Now, we need to select which model we will use to the classifier. As we did in the previous project, we will test the following models:

- K Nearest Neighbors
- Support Vector Machine
- Random Forest

#### 4.1.1 KNN

In [61]:
audio_features = ['danceability','energy','key','loudness','mode','speechiness','acousticness','instrumentalness','liveness','valence','tempo','time_signature']
from sklearn.neighbors import KNeighborsClassifier
from sklearn.model_selection import train_test_split, GridSearchCV

In [67]:
X = train_df[selected_stems+selected_pos+audio_features]
y = train_df['target']
acc = []
auc = []
X_train, X_test, y_train, y_test = train_test_split(X,y)
scaler = RobustScaler()
X = scaler.fit_transform(X)
knn = KNeighborsClassifier()
param_grid = {'n_neighbors': [1,5,10,30,50,100]}
clf = GridSearchCV(knn,param_grid,cv=10)
clf.fit(X,y)
params = clf.cv_results_['params']
score = list(clf.cv_results_['mean_test_score'])
index = score.index(max(score))
print(params[index],score[index])

{'n_neighbors': 5} 0.887128712871287


The maximum accuracy (88.7%) was reached for KNN algorithm with 5 neighbors.

#### 4.1.2 SVC

In [65]:
from sklearn.svm import SVC

In [69]:
X = train_df[selected_stems+selected_pos+audio_features]
y = train_df['target']
acc = []
auc = []
X_train, X_test, y_train, y_test = train_test_split(X,y)
scaler = RobustScaler()
X = scaler.fit_transform(X)
svc = SVC()
param_grid = {'kernel': ['linear','rbf'], 'C': [0.1,0.5,1,2,5,10,20]}
clf = GridSearchCV(svc,param_grid,cv=10)
clf.fit(X,y)
params = clf.cv_results_['params']
score = list(clf.cv_results_['mean_test_score'])
index = score.index(max(score))
print(params[index],score[index])

{'C': 10, 'kernel': 'linear'} 0.9227722772277227


The SVC model with a C of 10 and a linear kernel reached 92.3% of accuracy, which is considerably higher than the accuracy of the KNN model.

#### 4.1.3 RFC

In [70]:
X = train_df[selected_stems+selected_pos+audio_features]
y = train_df['target']
acc = []
auc = []
X_train, X_test, y_train, y_test = train_test_split(X,y)
scaler = RobustScaler()
X = scaler.fit_transform(X)
rfc = RandomForestClassifier()
param_grid = {'n_estimators': [20,50,100,200,500]}
clf = GridSearchCV(rfc,param_grid,cv=10)
clf.fit(X,y)
params = clf.cv_results_['params']
score = list(clf.cv_results_['mean_test_score'])
index = score.index(max(score))
print(params[index],score[index])

{'n_estimators': 100} 0.9346534653465348


RFC outperformed both KNN and SVC, reaching 93.5% accuracy with a forest of 100 trees each trained on a random slice of the dataset, which is expected because of the results of the previous project.

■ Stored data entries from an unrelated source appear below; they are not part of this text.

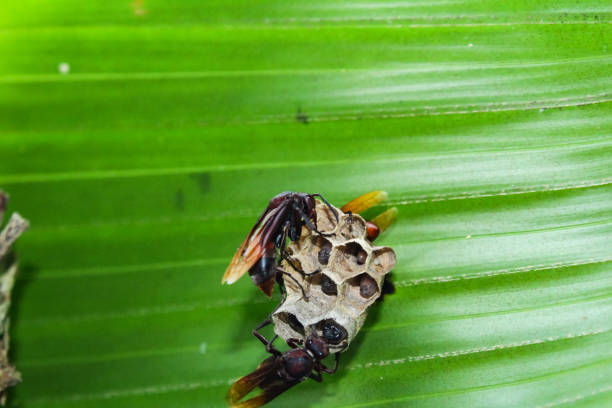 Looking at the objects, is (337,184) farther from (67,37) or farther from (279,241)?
(67,37)

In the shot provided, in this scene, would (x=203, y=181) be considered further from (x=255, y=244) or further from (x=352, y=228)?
(x=352, y=228)

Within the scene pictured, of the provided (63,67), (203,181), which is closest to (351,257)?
(203,181)

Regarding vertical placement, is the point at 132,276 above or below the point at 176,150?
below

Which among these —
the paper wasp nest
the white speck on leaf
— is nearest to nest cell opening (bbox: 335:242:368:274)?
the paper wasp nest

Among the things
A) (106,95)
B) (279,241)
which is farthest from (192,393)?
(106,95)

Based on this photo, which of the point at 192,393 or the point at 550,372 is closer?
the point at 550,372

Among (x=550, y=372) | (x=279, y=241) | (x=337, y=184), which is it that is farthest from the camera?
(x=337, y=184) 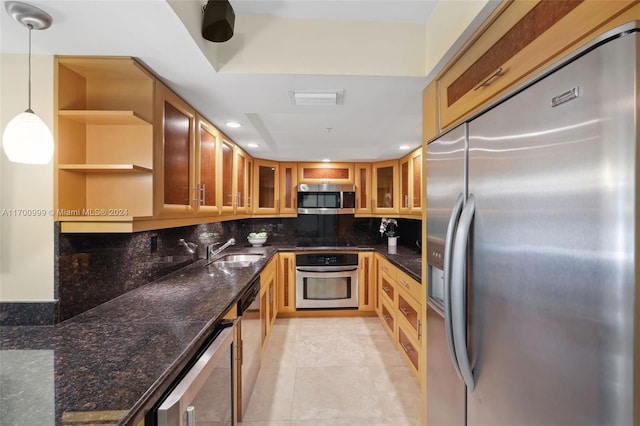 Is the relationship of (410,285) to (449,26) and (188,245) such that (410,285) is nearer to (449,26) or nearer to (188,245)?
(449,26)

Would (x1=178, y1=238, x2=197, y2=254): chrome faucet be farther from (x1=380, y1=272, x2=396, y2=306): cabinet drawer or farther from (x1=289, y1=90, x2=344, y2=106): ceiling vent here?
(x1=380, y1=272, x2=396, y2=306): cabinet drawer

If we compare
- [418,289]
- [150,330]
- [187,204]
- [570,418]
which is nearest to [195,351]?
[150,330]

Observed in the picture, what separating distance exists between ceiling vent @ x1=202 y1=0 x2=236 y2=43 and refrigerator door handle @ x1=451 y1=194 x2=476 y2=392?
1.22m

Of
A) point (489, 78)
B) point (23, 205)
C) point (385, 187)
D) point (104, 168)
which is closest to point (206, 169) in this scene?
point (104, 168)

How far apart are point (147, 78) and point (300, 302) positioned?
2907 mm

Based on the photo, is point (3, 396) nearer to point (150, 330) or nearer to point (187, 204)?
point (150, 330)

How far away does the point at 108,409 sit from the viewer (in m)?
0.69

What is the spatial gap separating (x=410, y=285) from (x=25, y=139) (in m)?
2.41

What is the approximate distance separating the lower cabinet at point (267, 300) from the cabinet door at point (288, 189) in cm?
77

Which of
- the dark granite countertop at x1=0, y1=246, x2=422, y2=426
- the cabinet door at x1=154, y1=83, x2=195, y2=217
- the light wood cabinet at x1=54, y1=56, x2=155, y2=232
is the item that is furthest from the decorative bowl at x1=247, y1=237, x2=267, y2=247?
the light wood cabinet at x1=54, y1=56, x2=155, y2=232

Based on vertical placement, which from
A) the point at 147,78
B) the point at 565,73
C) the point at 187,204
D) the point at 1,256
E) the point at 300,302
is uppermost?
the point at 147,78

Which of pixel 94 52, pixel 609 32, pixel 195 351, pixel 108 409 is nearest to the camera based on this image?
pixel 609 32

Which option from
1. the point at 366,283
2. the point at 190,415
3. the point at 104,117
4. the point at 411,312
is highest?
the point at 104,117

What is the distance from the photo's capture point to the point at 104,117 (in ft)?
4.36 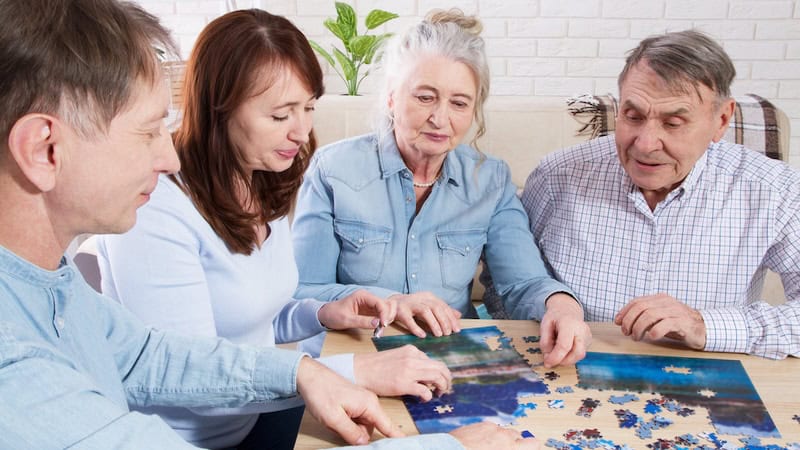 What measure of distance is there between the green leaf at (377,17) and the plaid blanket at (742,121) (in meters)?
1.14

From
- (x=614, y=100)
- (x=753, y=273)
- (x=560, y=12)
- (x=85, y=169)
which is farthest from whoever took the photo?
(x=560, y=12)

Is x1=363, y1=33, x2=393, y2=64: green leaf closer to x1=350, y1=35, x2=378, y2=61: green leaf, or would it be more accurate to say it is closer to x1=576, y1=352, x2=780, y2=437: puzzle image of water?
x1=350, y1=35, x2=378, y2=61: green leaf

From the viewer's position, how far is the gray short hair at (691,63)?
179cm

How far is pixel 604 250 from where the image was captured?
2.04 metres

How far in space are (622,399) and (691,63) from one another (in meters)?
0.90

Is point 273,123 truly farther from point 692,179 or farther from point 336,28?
point 336,28

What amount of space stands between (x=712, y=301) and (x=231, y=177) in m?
1.31

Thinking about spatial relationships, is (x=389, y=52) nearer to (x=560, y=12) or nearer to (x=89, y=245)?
(x=89, y=245)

### 4.2 Performance Evaluation

So, using the Random Forest Classifier with 100 estimators we will check the accuracy and the AUC-ROC metric from the classificator.

In [73]:
X = train_df[selected_stems+selected_pos+audio_features]
y = train_df['target']
acc = []
auc = []
for i in range(10):
    X_train, X_test, y_train, y_test = train_test_split(X,y)
    scaler = RobustScaler()
    X_train = scaler.fit_transform(X_train)
    X_test = scaler.transform(X_test)
    rfc = RandomForestClassifier(n_estimators = 100)
    rfc.fit(X_train,y_train)
    y_pred = rfc.predict(X_test)
    acc.append(accuracy_score(y_test,y_pred))
    y_score = rfc.predict_proba(X_test)[:, 1]
    auc.append(roc_auc_score(y_test,y_score))

In [74]:
print('Average accuracy: {:.4f}'.format(sum(acc)/len(acc)))
print('Average ROC AUC score: {:.4f}'.format(sum(auc)/len(auc)))

Average accuracy: 0.9549
Average ROC AUC score: 0.9899


Finally, we got almost 95.5% accuracy and 0.99 of ROC AUC score. This result is significantly better than the result achieved by the RFC trained with audio features only. This is a good example of how NLP can help us to extract useful features from text data with optimized and easy-to-interpret algorithms.